# lowell area



## notsayn (Apr 28, 2013)

5-6 went to a old hot spot that is over grown with briars can barely get in without following deer runs but near dead apple trees mixed with scattered elms the bloom was on! picked 268 greys and yellows mixed moiture in soil was best ive seen in several seasons cameout ripped up by thorns not a spot for kids or any one who isnt a hardcore picker 5-7 took wife today to a nicer open area pinoaks mixed with elm a more forest setting found 46 good sized yellows not pop can sized but biggest shrooms ive seen this season ,very spottable.any newcomers to this sport should get out now u can accidently find some and then start puttn the puzzel togeter for yourself.lilacs are bloomin big.


----------



## river rat 70 (Mar 16, 2013)

Nice job, that had to get the blood pumping seeing all those tasty mushrooms! I have a spot just like that (nothing but briars) The storm we had two summers ago with the 100mph winds knocked down a lot of trees, which opened up the forest floor to grow wild.

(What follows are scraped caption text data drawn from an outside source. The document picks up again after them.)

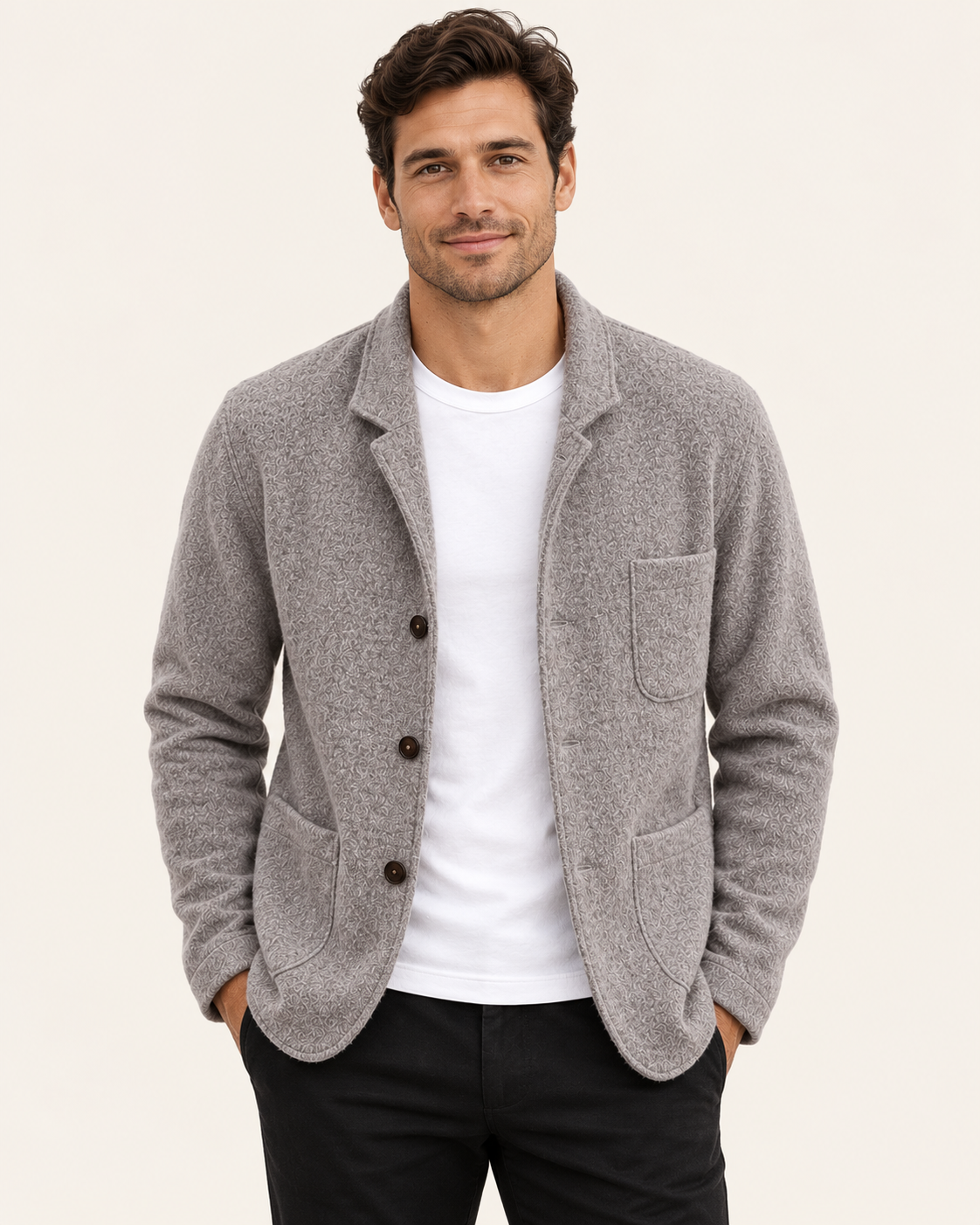 Men's Knitted Blazer With Patch Pockets in Grey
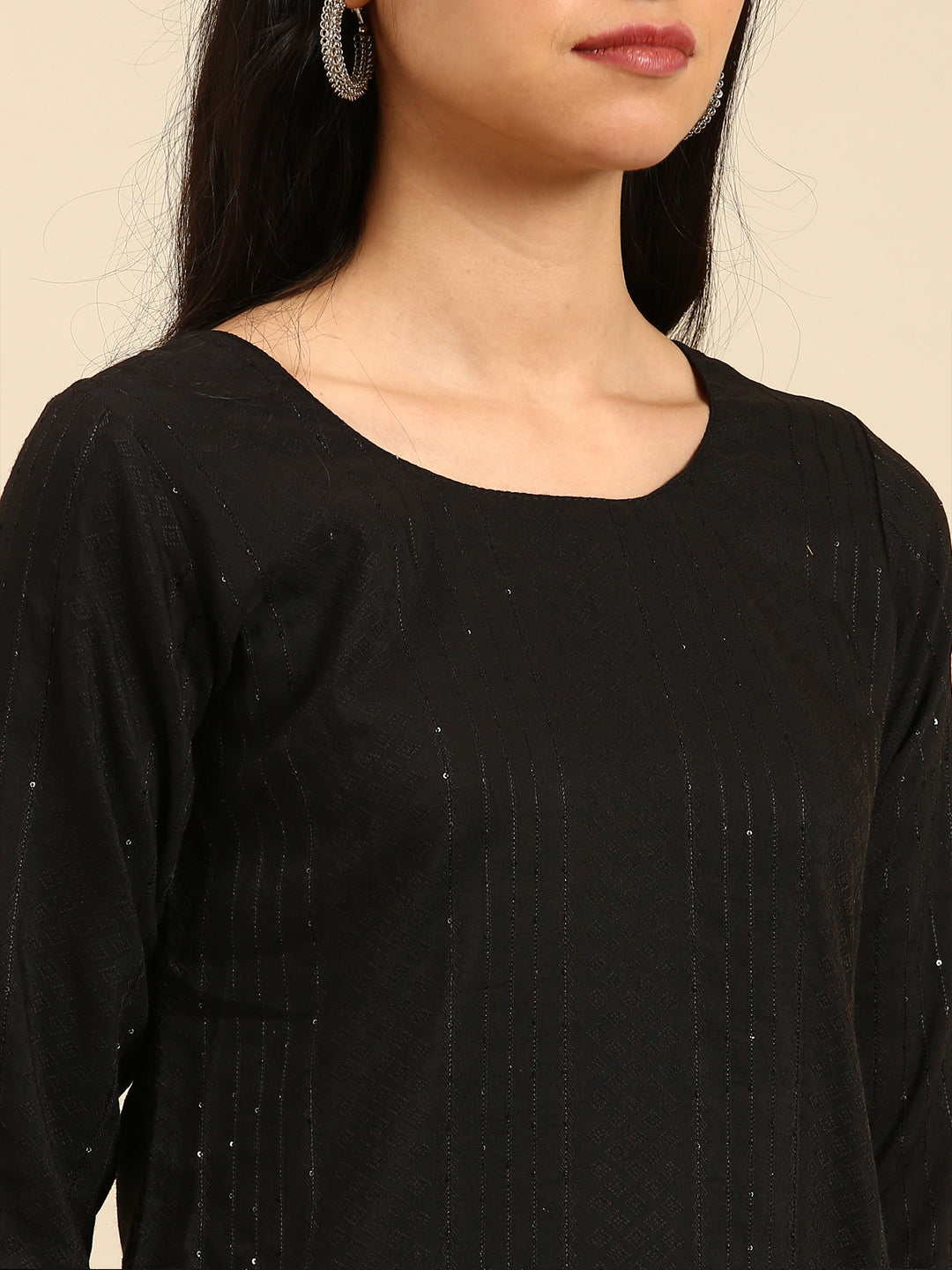 Women's Black Solid Kurta Set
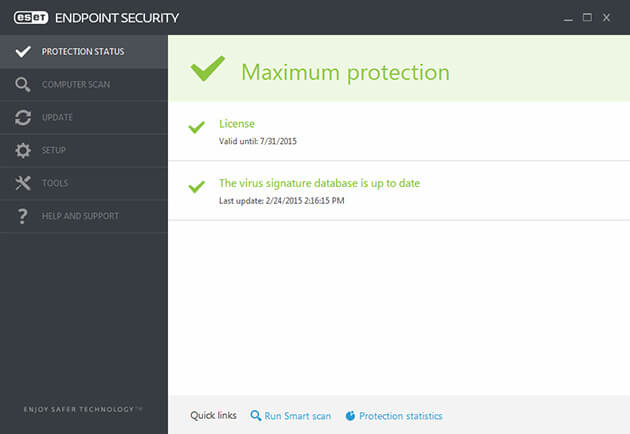 ESET Endpoint Security Software - ESET Endpoint Security protection status screenshot
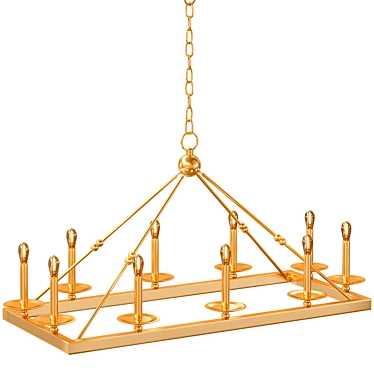 Elegant Brass 10-Light Chandelier 3D model image 1 
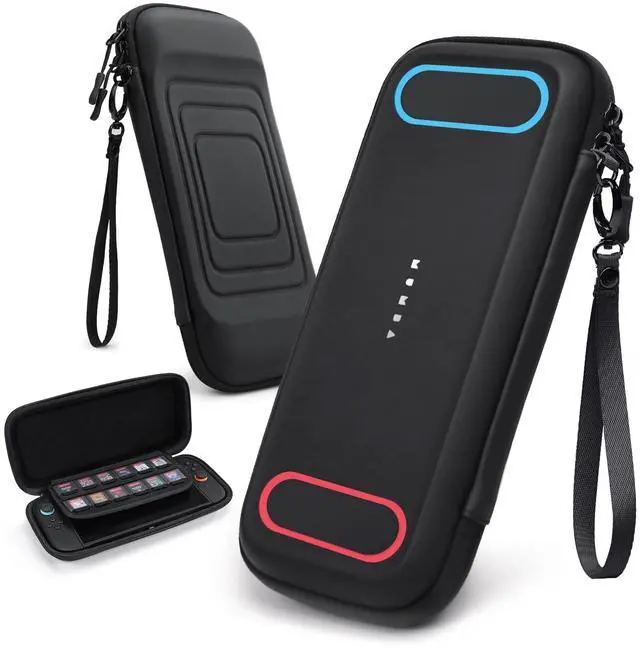 Main image of Slim Carrying Case for Nintendo Switch 2, Ultra-Thin Hard Shell Travel Bag, Fits Console & 12 Game Cards, Lightweight Portable Pouch with Dual Zipper & Wrist Strap (Black)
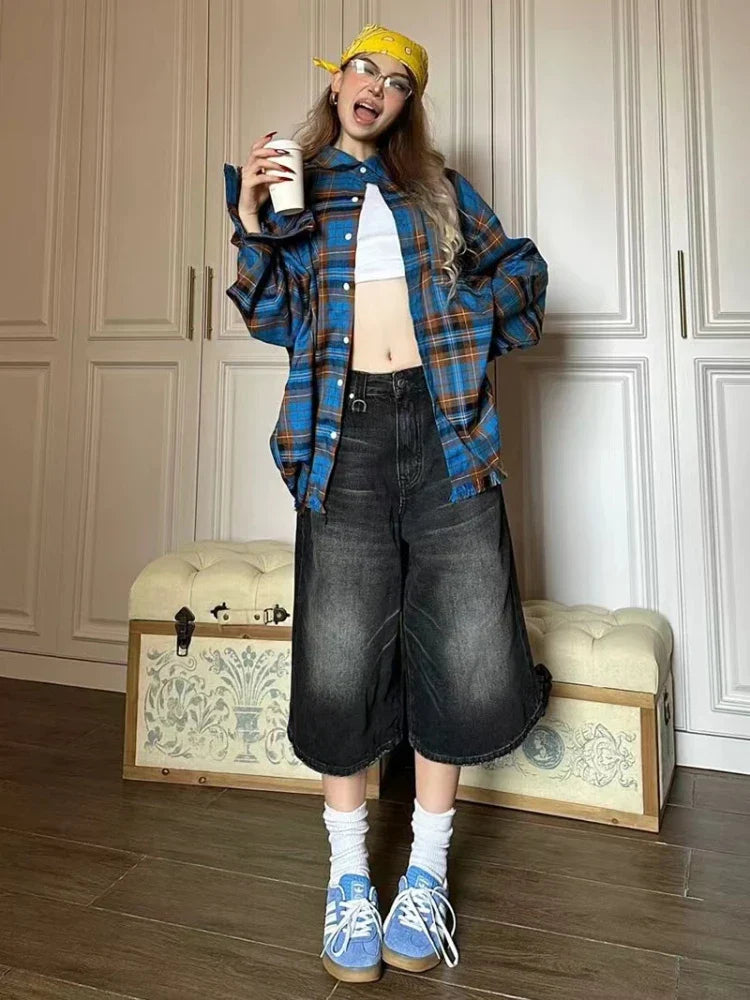 Calf-Length Shorts Jeans Streetwear Vintage Oversize Wide Leg Denim Pants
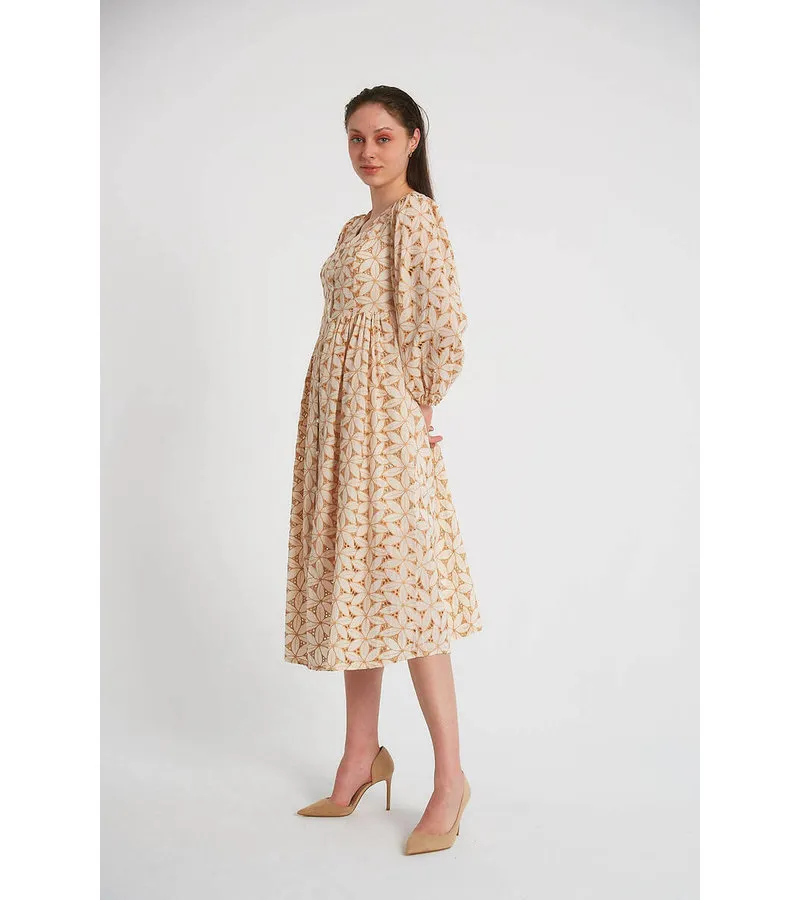 VESTIDO DE MUJER BORDADO  M34891  CAMEL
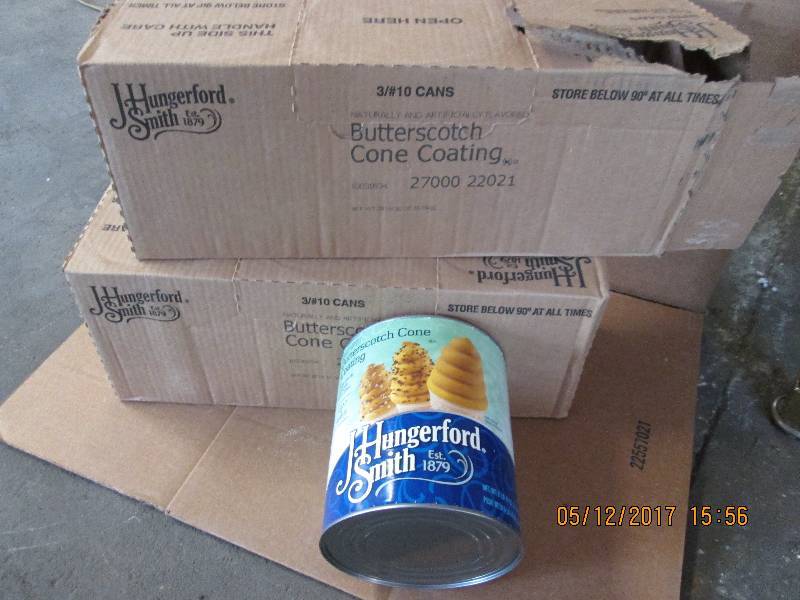 6 cans, 2 cases of butterscotch con...
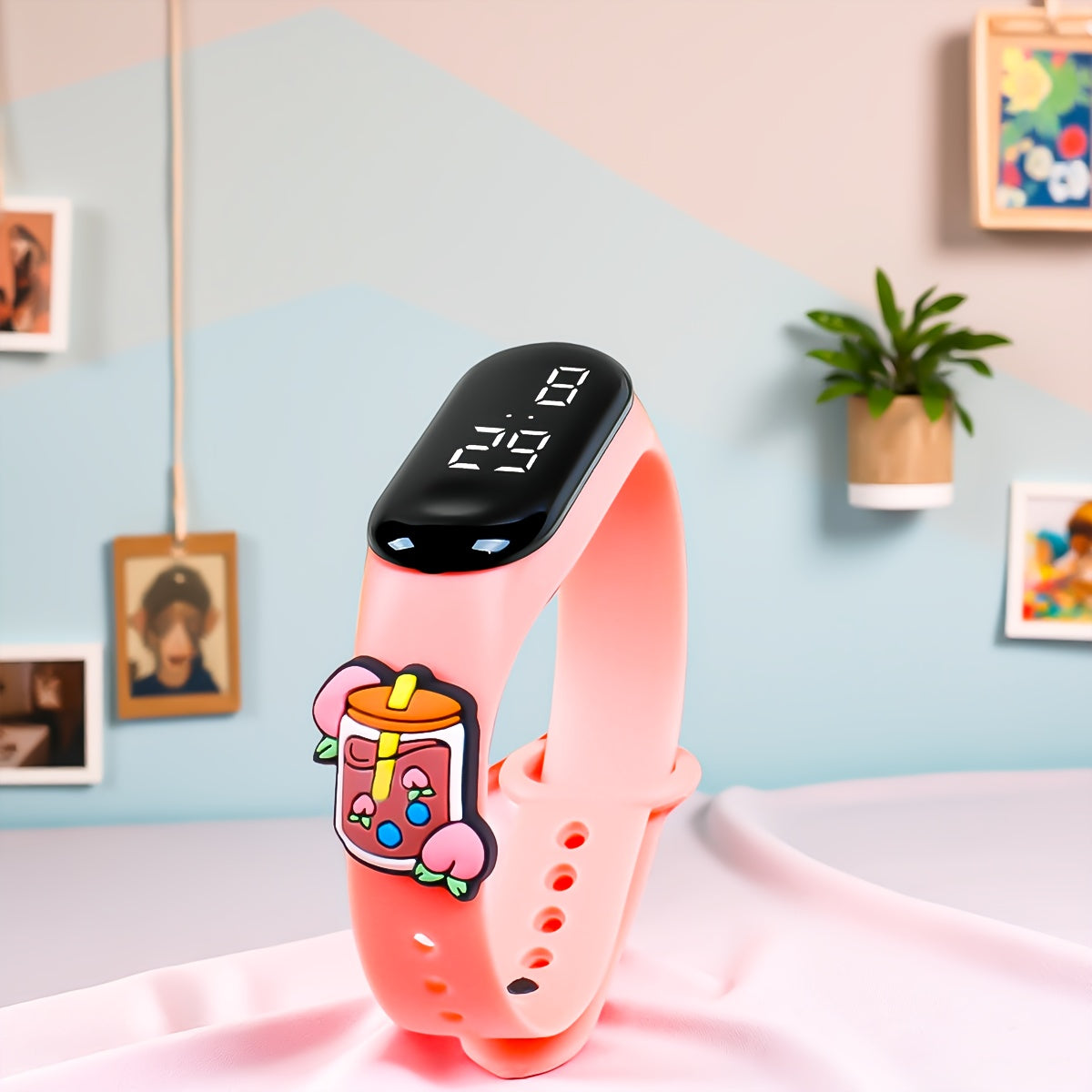 Kids' LED Digital Watch Red & Pink Glow - Cartoon Patterns, Fun & Durable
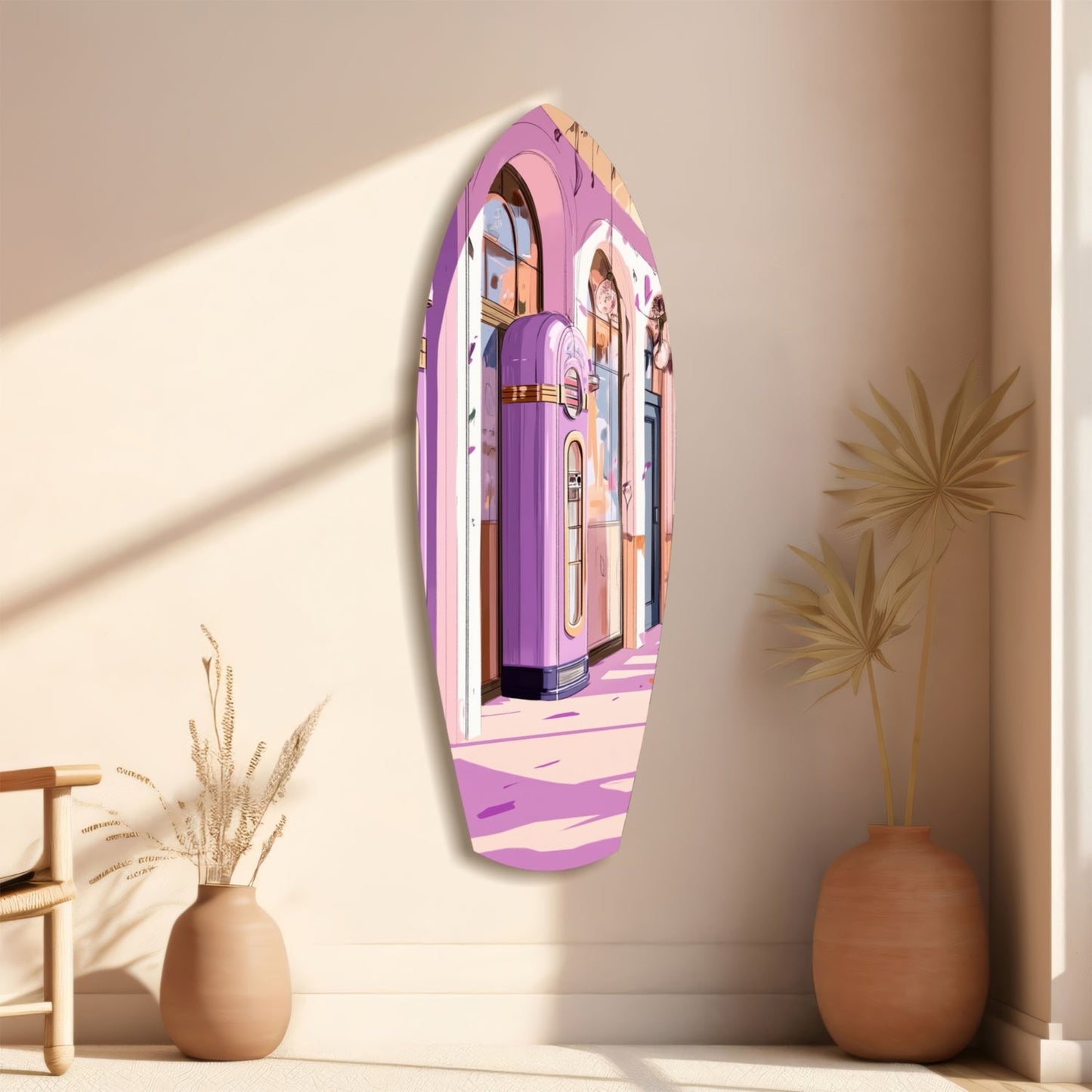 Purple and pink glass wall art depicting an ornate interior scene, displayed on a beige wall between decorative ceramic vases.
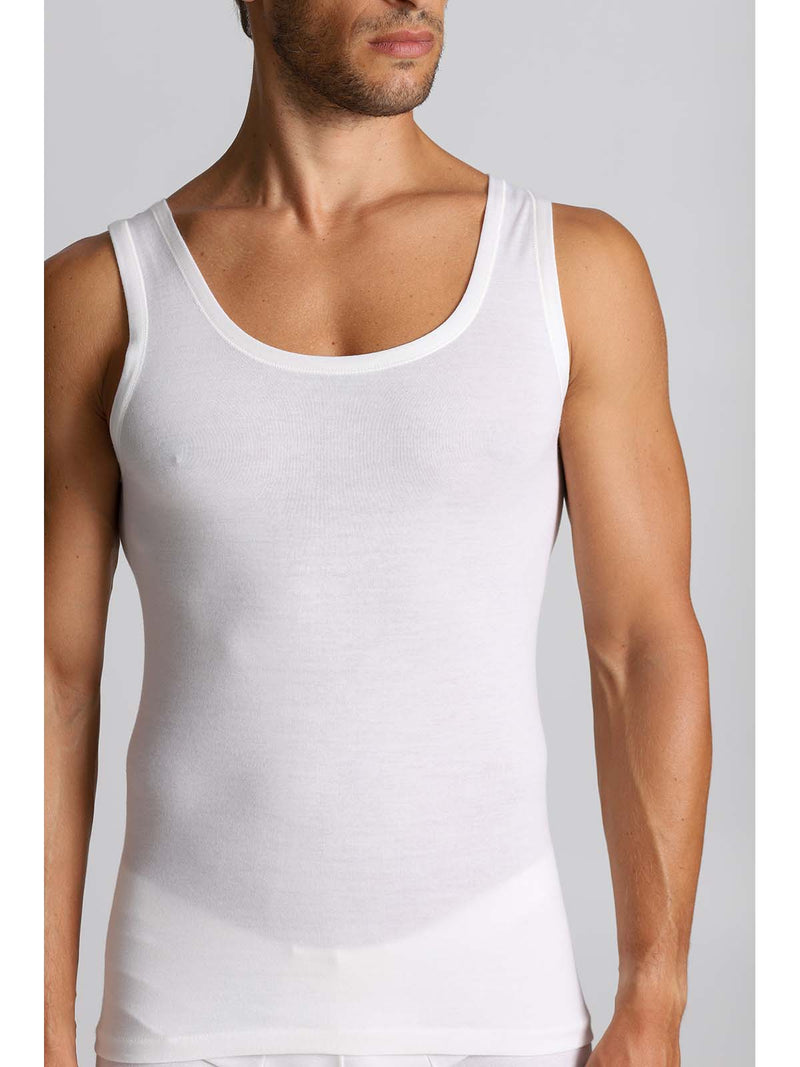 3 Canotte Donna In Cotone Interlock - Spalla Larga Con Bordo In Raso - Colori Bianco E Nero - Taglie Da S A XXXL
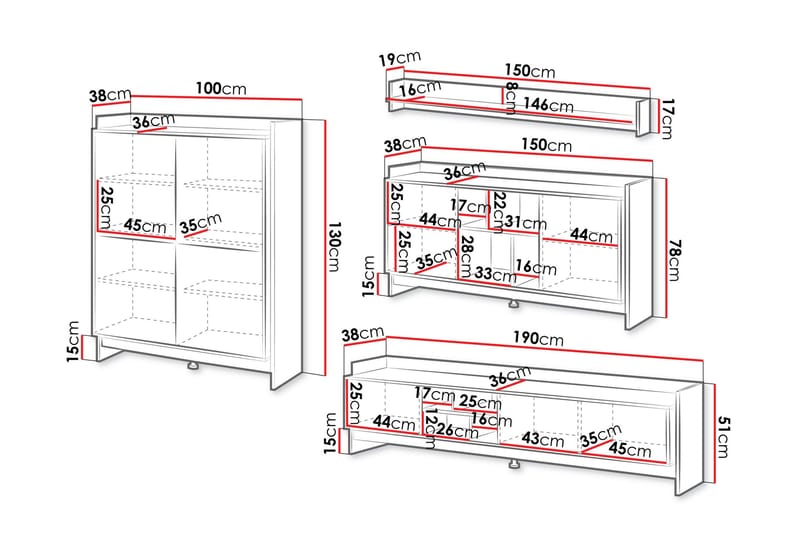 Polina Møbelsett til Stue - Brun / Svart - Oppbevaring - Oppbevaringsmøbler - Møbelsett til stue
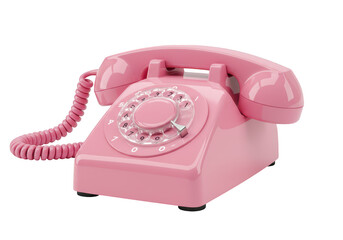 A bright pink vintage rotary telephone with a coiled cord, isolated on a transparent background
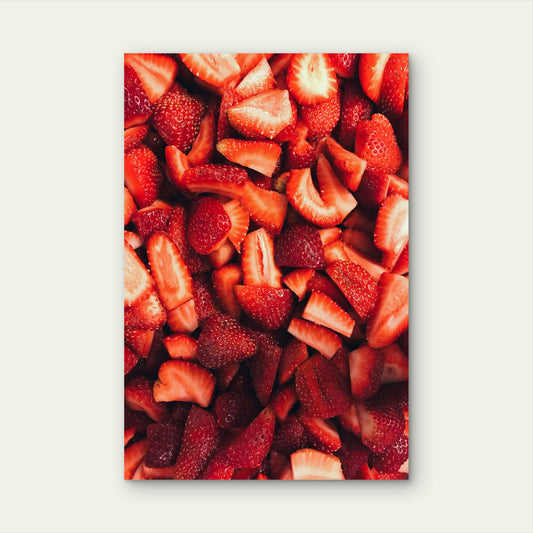 Close Up Of Many Cut Strawberries 60x90cm Metal Print Ready to Hang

That particular spring we found about 20lbs of yellows.


----------



## mark1967 (Apr 30, 2013)

funny how nobody else is really finding any


----------



## mushmouth (Apr 6, 2013)

Actually if you read the forums, there are LOTS of people that have been finding them. Only a few unlucky people are having a hard time.


----------



## rockster11 (Apr 30, 2013)

Wow Mark... Even IM not finding mushrooms and Your statement couldnt be anymore incorrect.. They are up everywhere..


----------



## river rat 70 (Mar 16, 2013)

Me and my buddy found 30yellows thatwere kinda dry in knox. 2 hours of hunting. elms and decaying wood.


----------